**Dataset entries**

== Segment start ==

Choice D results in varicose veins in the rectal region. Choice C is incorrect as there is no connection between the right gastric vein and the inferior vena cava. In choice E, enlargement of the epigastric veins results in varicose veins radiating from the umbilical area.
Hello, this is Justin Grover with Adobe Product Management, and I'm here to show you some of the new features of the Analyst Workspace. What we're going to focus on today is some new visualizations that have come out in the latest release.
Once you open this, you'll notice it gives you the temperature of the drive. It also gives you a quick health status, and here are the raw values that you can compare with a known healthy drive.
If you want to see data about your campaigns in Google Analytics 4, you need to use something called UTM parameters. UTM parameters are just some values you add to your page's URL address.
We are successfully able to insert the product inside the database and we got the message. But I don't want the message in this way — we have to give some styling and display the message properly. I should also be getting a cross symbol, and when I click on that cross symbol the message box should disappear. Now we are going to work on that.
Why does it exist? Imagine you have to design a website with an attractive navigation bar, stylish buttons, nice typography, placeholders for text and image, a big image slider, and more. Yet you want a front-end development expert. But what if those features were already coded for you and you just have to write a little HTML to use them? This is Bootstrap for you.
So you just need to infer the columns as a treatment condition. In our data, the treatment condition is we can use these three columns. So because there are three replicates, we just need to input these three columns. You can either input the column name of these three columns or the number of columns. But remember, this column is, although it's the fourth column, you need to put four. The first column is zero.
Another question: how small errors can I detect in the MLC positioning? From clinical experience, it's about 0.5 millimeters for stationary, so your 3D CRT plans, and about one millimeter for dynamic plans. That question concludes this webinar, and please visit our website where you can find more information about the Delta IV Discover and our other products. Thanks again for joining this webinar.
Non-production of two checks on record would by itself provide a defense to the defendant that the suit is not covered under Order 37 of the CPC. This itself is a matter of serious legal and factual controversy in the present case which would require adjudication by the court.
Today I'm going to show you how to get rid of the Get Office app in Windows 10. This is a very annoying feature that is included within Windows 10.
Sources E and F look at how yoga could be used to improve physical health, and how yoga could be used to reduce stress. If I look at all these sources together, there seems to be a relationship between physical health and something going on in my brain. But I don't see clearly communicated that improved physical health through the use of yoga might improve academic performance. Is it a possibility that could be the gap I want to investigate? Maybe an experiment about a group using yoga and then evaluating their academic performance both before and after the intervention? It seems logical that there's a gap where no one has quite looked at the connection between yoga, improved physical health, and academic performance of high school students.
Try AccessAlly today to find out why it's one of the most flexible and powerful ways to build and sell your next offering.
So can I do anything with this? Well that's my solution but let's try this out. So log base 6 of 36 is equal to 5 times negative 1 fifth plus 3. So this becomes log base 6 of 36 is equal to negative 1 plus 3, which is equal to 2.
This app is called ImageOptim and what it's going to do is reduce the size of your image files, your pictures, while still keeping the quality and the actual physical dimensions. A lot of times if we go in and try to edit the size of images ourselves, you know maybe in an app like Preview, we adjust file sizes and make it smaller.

== Segment end ==

**HOW TO COMPLETE THIS TASK**
The last part of the records is the answer, beginning at the line that holds "Try AccessAlly today" and including the final line, repeated exactly.

**ANSWER SECTION**
Try AccessAlly today to find out why it's one of the most flexible and powerful ways to build and sell your next offering.
So can I do anything with this? Well that's my solution but let's try this out. So log base 6 of 36 is equal to 5 times negative 1 fifth plus 3. So this becomes log base 6 of 36 is equal to negative 1 plus 3, which is equal to 2.
This app is called ImageOptim and what it's going to do is reduce the size of your image files, your pictures, while still keeping the quality and the actual physical dimensions. A lot of times if we go in and try to edit the size of images ourselves, you know maybe in an app like Preview, we adjust file sizes and make it smaller.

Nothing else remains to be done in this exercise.